The scale of investment naturally raises another question: How effectively is that funding being directed? Routledge notes that, across many organisations, training begins before there is a complete understanding of the challenge that needs solving. Existing programmes are often introduced because they are familiar or widely available, yet as Routledge emphasises, every organisation operates with its own culture, processes, priorities and commercial objectives. “Without first identifying where capability genuinely requires development, learning initiatives may struggle to deliver the outcomes leaders hope to achieve,” she adds.
Why a deeper understanding of your organisation is key
Routledge believes the starting point should always be a deeper understanding of the organisation itself. “Training becomes much more meaningful when you first understand how people make decisions, where pressure affects performance, and which parts of the business require additional capability. Once those insights become visible, every investment can be directed with greater purpose,” she states.
This philosophy reflects Totem Learning’s work combining behavioural science, immersive learning and realistic simulations to help organisations explore how employees respond in situations that mirror everyday responsibilities.
That insight appears increasingly valuable because capability gaps rarely appear through knowledge alone, according to Routledge. Employees may understand procedures yet still encounter difficulty when faced with unfamiliar circumstances, competing priorities or time pressure. She notes that generic programmes frequently focus on broad subject matter without considering the situations individual teams encounter every day. Staff can, therefore, complete training while still feeling uncertain when those moments eventually arise.
Relevant learning programmes and retaining employees
The consequences may extend well beyond the learning programme itself.

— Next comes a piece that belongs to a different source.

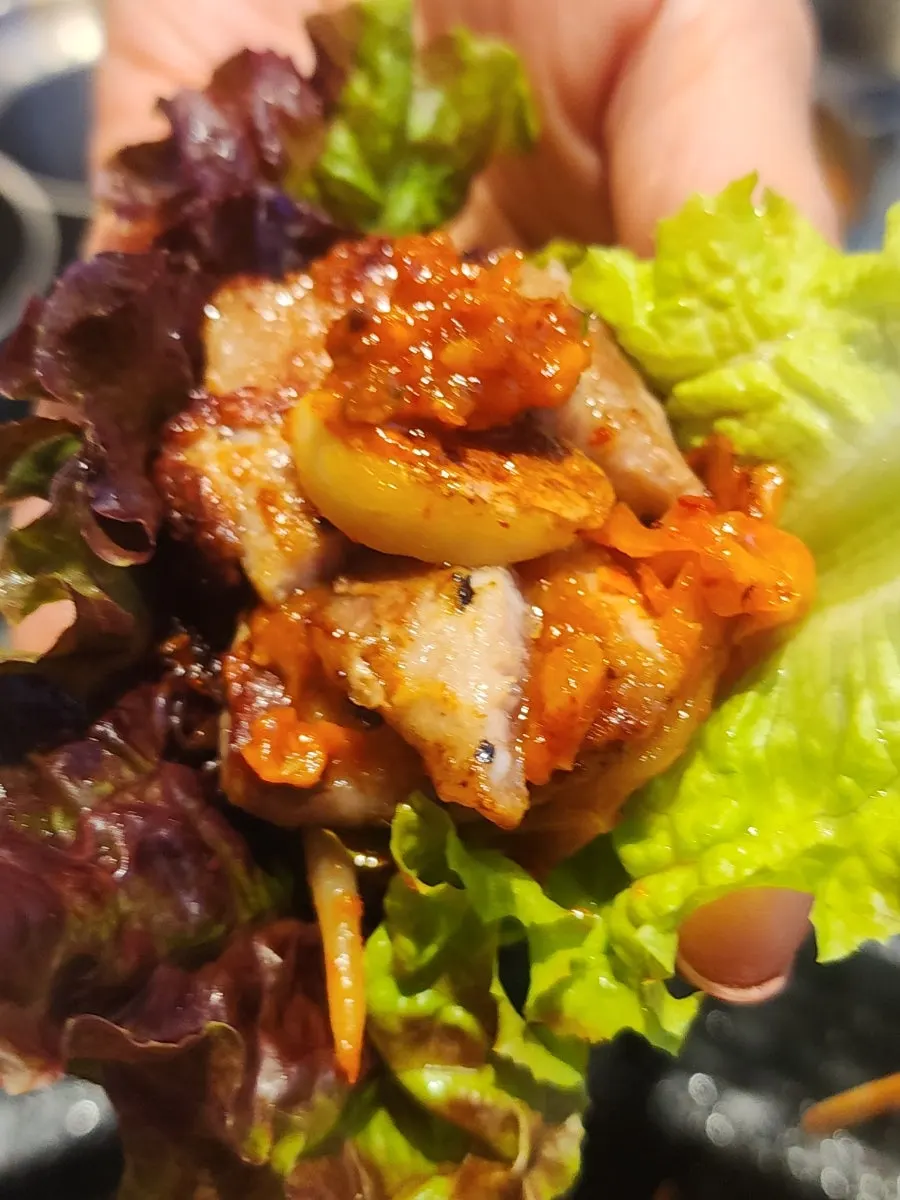 Pork belly wrapped in lettuce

In Routledge’s experience, employees who receive preparation that does not reflect their working environment may experience reduced confidence when managing complex situations. “Colleagues, clients and project teams naturally form impressions based on performance in those moments, even though the underlying issue may stem from training that never reflected operational reality,” Routledge says.
Over time, these experiences can influence collaboration, customer relationships and project delivery, while also potentially affecting how supported employees believe they are within the organisation.
This wider perspective also connects with employee retention. According to a report, almost three in 10 UK employees move to another employer each year, while only a relatively small proportion of organisations calculate the financial impact of labour turnover or evaluate retention initiatives. The report also highlights that recruitment, onboarding and developing replacement employees contribute significantly to those costs. Within that context, organisations that help employees build confidence and capability through relevant learning may strengthen long-term engagement, creating opportunities for meaningful financial savings alongside a more experienced workforce.
“This reinforces why understanding organisational needs should always come before selecting a training solution. Instead of distributing investment evenly across broad content libraries, leaders may gain greater value by identifying where specific departments experience recurring challenges and directing learning towards those exact situations,” Routledge says.
She notes that if a particular stage of a process consistently affects operational performance, that becomes the scenario employees rehearse, allowing development to reflect genuine business priorities instead of generic assumptions.
How Totem Learning could help your business
Totem Learning aims to support this way of thinking by creating immersive experiences where employees practise decisions in realistic environments, enabling organisations to observe behavioural patterns that traditional learning methods often overlook. These insights can help leaders recognise strengths alongside development opportunities, creating a clearer foundation for future investment while aligning learning more closely with day-to-day operational requirements.
“I believe understanding your organisation is one of the most valuable forms of business intelligence,” Routledge says. “Investment, in my view, has greater potential to contribute to stronger capability across the business when learning reflects genuine organisational priorities.”
Viewed through that wider lens, Routledge argues that the £53 billion invested in training represents only one element of a much broader picture: “Yes, financial expenditure is important, but the conversation also includes opportunity, capability, confidence and the value organisations create when learning aligns with their genuine needs.”
As those wider considerations come into focus, the overall investment may extend beyond the original figure, highlighting the importance of understanding the organisation before deciding where every learning pound can make the greatest difference.